San Francisco is poised to outlaw long-term RV parking on city streets, a move Mayor Daniel Lurie defends as necessary to clear sidewalks and reduce trash – even as hundreds of homeless residents, many of them immigrant families, use the vehicles as makeshift homes.
The new restrictions, expected to win final approval Tuesday, would affect more than 400 RVs across the city of 800,000, where sky-high rents have left many priced out of housing.
Lurie argues RVs aren’t a safe or sustainable housing solution and says the city has a dual responsibility to help those in need while restoring order to public spaces.
“We absolutely want to serve those families in crisis,” said Kunal Modi, the mayor’s adviser on homelessness. “But that stability must be indoors – not on public roads.”
Critics call the move cruel, noting the city is offering funds to help only about 65 households – far short of the number affected – and argue that evicting people from their only shelter, without guaranteed alternatives, will worsen the crisis.
Jennifer Friedenbach, executive director of the Coalition on Homelessness, said city officials are far behind on establishing details of an accompanying permit program, which would exempt RV residents from parking limits if they are working with homeless outreach staff to find housing.
“I think that there’s going to be people who lose their RVs. I think there’s going to be people who are able to get into shelter, but at the expense of people with higher needs, like those sleeping on the sidewalk," she said.

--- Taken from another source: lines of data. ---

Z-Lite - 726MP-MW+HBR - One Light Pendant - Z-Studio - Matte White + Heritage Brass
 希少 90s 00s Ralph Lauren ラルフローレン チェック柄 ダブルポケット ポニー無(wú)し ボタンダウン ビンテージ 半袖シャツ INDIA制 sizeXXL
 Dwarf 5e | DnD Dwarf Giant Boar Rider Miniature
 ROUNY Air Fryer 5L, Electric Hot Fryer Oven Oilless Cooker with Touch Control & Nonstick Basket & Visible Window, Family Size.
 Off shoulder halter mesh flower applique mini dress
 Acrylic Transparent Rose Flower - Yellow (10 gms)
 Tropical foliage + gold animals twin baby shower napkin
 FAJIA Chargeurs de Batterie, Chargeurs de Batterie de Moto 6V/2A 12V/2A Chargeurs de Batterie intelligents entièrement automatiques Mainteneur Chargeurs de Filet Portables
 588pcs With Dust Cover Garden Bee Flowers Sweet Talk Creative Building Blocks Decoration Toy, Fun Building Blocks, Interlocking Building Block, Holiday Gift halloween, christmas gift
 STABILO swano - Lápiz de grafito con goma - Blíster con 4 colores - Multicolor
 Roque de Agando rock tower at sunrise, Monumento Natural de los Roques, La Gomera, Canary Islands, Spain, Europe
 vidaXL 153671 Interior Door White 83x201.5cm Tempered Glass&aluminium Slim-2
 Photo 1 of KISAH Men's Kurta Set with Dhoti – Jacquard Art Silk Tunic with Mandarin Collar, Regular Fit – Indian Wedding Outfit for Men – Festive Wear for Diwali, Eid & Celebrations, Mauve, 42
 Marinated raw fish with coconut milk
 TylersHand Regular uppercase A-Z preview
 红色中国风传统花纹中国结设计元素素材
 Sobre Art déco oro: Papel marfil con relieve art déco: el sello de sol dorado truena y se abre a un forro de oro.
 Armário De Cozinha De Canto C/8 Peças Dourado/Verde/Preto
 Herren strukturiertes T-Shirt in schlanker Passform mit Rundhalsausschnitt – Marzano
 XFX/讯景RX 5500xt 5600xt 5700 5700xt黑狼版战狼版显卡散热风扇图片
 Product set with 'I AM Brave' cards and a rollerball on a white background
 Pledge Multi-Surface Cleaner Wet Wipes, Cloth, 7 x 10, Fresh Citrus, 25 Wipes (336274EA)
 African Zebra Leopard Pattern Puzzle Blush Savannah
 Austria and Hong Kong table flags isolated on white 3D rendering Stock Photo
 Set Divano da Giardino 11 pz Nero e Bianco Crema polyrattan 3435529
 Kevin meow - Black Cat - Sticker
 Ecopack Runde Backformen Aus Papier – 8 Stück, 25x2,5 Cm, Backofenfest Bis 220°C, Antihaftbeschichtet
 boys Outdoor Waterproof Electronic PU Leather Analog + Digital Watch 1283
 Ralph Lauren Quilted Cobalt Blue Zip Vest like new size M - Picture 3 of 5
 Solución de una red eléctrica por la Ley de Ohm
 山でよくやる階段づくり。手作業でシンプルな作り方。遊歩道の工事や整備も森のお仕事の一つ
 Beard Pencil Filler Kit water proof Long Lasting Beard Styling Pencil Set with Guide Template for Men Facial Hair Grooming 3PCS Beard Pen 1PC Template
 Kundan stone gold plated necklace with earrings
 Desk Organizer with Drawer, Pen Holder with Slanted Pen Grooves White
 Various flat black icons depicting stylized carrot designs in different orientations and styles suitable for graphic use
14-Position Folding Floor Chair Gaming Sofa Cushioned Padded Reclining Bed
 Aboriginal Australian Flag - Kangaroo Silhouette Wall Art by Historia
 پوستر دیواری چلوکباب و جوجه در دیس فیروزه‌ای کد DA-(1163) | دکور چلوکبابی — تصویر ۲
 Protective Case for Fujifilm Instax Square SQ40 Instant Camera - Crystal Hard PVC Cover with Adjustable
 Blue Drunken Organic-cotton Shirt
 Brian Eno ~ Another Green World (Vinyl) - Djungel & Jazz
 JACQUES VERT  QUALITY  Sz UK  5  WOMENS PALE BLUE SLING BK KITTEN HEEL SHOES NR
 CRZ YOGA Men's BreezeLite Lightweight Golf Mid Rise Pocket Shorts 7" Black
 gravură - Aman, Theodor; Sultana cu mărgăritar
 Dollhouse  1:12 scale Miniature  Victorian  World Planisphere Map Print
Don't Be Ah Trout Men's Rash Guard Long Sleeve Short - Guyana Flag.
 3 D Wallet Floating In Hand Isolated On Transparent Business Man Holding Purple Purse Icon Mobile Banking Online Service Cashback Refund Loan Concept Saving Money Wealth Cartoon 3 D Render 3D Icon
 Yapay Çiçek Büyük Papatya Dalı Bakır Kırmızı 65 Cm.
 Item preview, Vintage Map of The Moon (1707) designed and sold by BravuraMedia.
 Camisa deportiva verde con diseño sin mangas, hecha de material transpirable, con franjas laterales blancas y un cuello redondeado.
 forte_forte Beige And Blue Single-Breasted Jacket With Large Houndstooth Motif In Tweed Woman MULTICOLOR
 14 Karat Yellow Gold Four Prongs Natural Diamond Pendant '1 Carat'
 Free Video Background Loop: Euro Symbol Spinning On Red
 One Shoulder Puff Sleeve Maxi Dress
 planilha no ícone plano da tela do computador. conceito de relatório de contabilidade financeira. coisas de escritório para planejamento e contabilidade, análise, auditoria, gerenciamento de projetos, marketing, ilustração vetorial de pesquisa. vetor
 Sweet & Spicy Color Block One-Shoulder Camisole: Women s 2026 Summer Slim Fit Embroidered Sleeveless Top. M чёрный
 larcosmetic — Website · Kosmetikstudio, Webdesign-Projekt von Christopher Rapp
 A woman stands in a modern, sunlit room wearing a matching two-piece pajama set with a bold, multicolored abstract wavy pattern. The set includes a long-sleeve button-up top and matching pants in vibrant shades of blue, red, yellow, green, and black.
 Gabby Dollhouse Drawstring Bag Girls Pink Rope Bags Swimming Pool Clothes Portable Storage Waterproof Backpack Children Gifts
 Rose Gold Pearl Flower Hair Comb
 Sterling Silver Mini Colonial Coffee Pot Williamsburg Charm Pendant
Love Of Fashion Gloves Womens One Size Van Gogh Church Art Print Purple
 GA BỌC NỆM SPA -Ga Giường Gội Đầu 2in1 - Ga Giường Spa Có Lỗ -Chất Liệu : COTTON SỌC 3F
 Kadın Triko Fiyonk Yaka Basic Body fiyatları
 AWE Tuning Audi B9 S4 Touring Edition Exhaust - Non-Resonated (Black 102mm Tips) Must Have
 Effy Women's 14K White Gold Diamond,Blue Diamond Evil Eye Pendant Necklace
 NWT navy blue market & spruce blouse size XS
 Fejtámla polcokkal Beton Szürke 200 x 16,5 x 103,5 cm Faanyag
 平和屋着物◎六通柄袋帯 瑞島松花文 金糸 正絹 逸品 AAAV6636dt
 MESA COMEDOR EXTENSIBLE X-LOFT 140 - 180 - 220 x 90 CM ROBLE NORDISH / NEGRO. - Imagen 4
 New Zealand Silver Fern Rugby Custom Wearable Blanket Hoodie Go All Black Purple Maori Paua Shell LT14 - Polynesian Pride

San Francisco, like other U.S. cities, has seen a sharp increase in people living out of vehicles and RVs as the cost of living has risen. Banning oversized vehicles is part of Lurie’s pledge to clean up the streets and part of a broader trend requiring homeless people to accept shelter offers or risk arrest or towing.
The proposal sets a two-hour parking limit citywide for all RVs and oversized vehicles longer than 22 feet (7 meters) or taller than 7 feet (2 meters), regardless of whether they are used as housing.
Under the permit program, RV residents registered with the city as of May would be exempt from the parking limits. In exchange, they must accept the city’s offer of temporary or longer-term housing and relinquish their RVs when they move. The city has budgeted more than $500,000 to buy RVs from residents at $175 per foot.
Permits would last for six months. People in RVs who arrived after May would not be eligible for the program and must follow the two-hour limit, making it effectively impossible to live in an RV within city limits.
The measure passed the Board of Supervisors last week with two of 11 supervisors voting no.
Carlos Perez, 55, was among RV residents who told supervisors this month that they could not afford the city’s high rents. Perez works full time as a produce deliveryman and supports his brother, who is disabled.
“We don’t do nothing wrong. We try to keep this street clean,” he said, as he showed his RV to an Associated Press journalist. “It’s not easy to be in a place like this.”
Still, Perez said he loves where he lives. His green-colored RV is decorated with a houseplant and includes a sink and a small stove, where he simmered bean soup on a recent afternoon.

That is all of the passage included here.